Many political observers have noted that Obama has escalated foreign interventions because of the difficulties he’s had reviving the domestic economy. Pushing the public and the news media to focus on the threat from Iran will divert attention from the economic crisis.
This has all the makings of a calculated political manoeuvre.
Iran says it has amassed foreign reserves and will find ways of fighting back. They are reaching out to OPEC and planning counter measures. This is likely to lead to more confrontations, which may just be what the Obama Administration is hoping for as they know full well that squeezing Iran’s economy is a form of warfare.
Bloomberg reports: “Mahmoud Bahmani, Iran’s central bank governor, said his nation isn’t sitting by idly and has a very suitable $150bn in foreign currency reserves to help weather the latest trade and financial curbs. ‘We have programmes to fight the sanctions, and we will confront hostile policies,’ Bahmani said on Sunday, according to the state-run Mehr news agency.”
US strategists love this rhetoric. They are likely counting on Iran to try to resist the sanctions in some provocative manner, creating a pretext for them to justify even stronger action.
Already the Pentagon has let it be known that it has quietly sent “significant military reinforcements into the Persian Gulf to ‘deter’ the Iranian military.” And the New York Times reports that the US has increased “the number of fighter jets capable of striking deep into Iran if the standoff over its nuclear programme escalates.”

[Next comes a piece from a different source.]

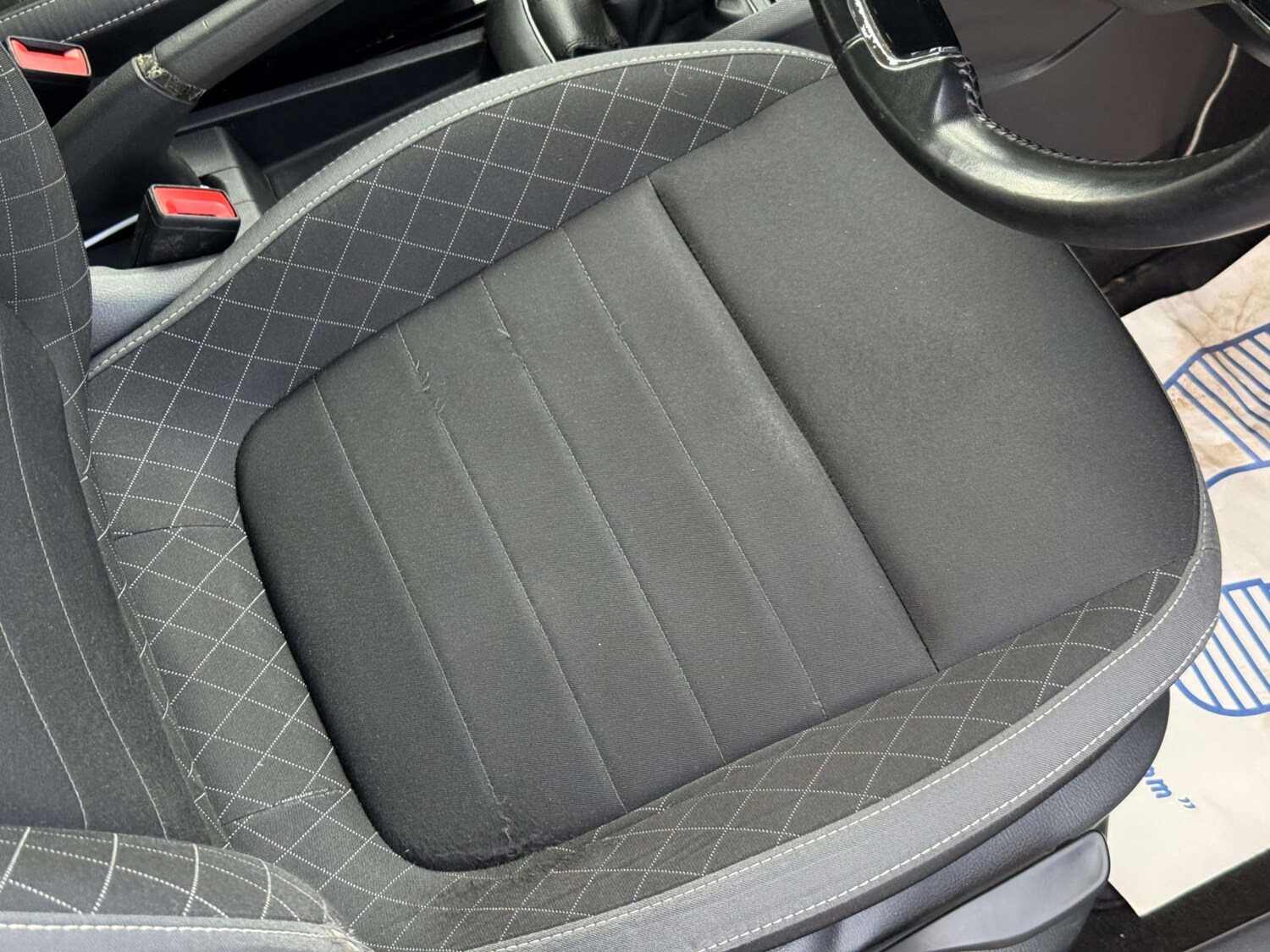 Used Skoda Fabia 2021 for sale - 77581070: Photo 72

Notice that Washington always rationalises its interventions as defensive and protective.
Big power bullying
There is a long history of big power bullying that precedes recent events, both in Iran and elsewhere, that is rarely discussed in the media.
“So what if it’s not really terrorism or a nuclear threat that worries us? What if this emerging step-by-step war scenario just needs a cover story for concealing domestic political objectives?” |
To name another example, the US has imposed a blockade on Cuba for 60 years even as every expert argues it is counter-productive if the goal is to transform that country.
Furthermore, Washington knows that Iran evaluates the costs of sanctions and defying the West, suggesting that the goal may not be to reform Iran or changes its policy but rather change its government. That seems to be what’s happening in Syria, or what occurred earlier in Lebanon, where the new government installed by Western intervention is anything but stable or democratic.
The American hostility to Iran is also publicly predicated on Iran’s alleged support for terrorism. But the Iranians say that backing Hezbollah in Lebanon or Hamas in Gaza stems from religious and political solidarity. They dispute Washington and Israel’s labelling of their stance as terrorism, and many in the Middle East agree because they see Israeli policy as the main problem. In addition, they have made their rejection of Al Qaeda and the Saudi bred Islamic ideology that inspires it clear.
So what if it’s not really terrorism or a nuclear threat that worries us? What if this emerging step-by-step war scenario just needs a cover story for concealing domestic political objectives?